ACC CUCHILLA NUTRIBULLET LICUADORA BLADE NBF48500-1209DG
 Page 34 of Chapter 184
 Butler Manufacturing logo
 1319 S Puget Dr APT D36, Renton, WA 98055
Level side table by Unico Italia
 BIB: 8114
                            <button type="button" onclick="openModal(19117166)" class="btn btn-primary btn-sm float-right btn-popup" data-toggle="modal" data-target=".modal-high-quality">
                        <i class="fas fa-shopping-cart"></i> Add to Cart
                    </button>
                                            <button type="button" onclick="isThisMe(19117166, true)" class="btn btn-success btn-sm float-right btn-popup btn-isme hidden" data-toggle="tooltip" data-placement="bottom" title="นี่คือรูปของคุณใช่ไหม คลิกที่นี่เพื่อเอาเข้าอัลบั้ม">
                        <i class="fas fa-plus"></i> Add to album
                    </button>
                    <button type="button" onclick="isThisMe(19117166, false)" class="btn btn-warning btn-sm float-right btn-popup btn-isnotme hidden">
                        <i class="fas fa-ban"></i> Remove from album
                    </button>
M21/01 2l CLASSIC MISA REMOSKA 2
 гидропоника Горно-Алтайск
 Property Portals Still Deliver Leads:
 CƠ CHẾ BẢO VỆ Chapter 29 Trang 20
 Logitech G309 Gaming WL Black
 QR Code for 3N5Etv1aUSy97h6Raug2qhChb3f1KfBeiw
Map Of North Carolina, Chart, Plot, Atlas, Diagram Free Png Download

EXERCISE BRIEF — Transcribe the listing in full, keeping every line exact.

RESULT FOR THIS TASK —
ACC CUCHILLA NUTRIBULLET LICUADORA BLADE NBF48500-1209DG
 Page 34 of Chapter 184
 Butler Manufacturing logo
 1319 S Puget Dr APT D36, Renton, WA 98055
Level side table by Unico Italia
 BIB: 8114
                            <button type="button" onclick="openModal(19117166)" class="btn btn-primary btn-sm float-right btn-popup" data-toggle="modal" data-target=".modal-high-quality">
                        <i class="fas fa-shopping-cart"></i> Add to Cart
                    </button>
                                            <button type="button" onclick="isThisMe(19117166, true)" class="btn btn-success btn-sm float-right btn-popup btn-isme hidden" data-toggle="tooltip" data-placement="bottom" title="นี่คือรูปของคุณใช่ไหม คลิกที่นี่เพื่อเอาเข้าอัลบั้ม">
                        <i class="fas fa-plus"></i> Add to album
                    </button>
                    <button type="button" onclick="isThisMe(19117166, false)" class="btn btn-warning btn-sm float-right btn-popup btn-isnotme hidden">
                        <i class="fas fa-ban"></i> Remove from album
                    </button>
M21/01 2l CLASSIC MISA REMOSKA 2
 гидропоника Горно-Алтайск
 Property Portals Still Deliver Leads:
 CƠ CHẾ BẢO VỆ Chapter 29 Trang 20
 Logitech G309 Gaming WL Black
 QR Code for 3N5Etv1aUSy97h6Raug2qhChb3f1KfBeiw
Map Of North Carolina, Chart, Plot, Atlas, Diagram Free Png Download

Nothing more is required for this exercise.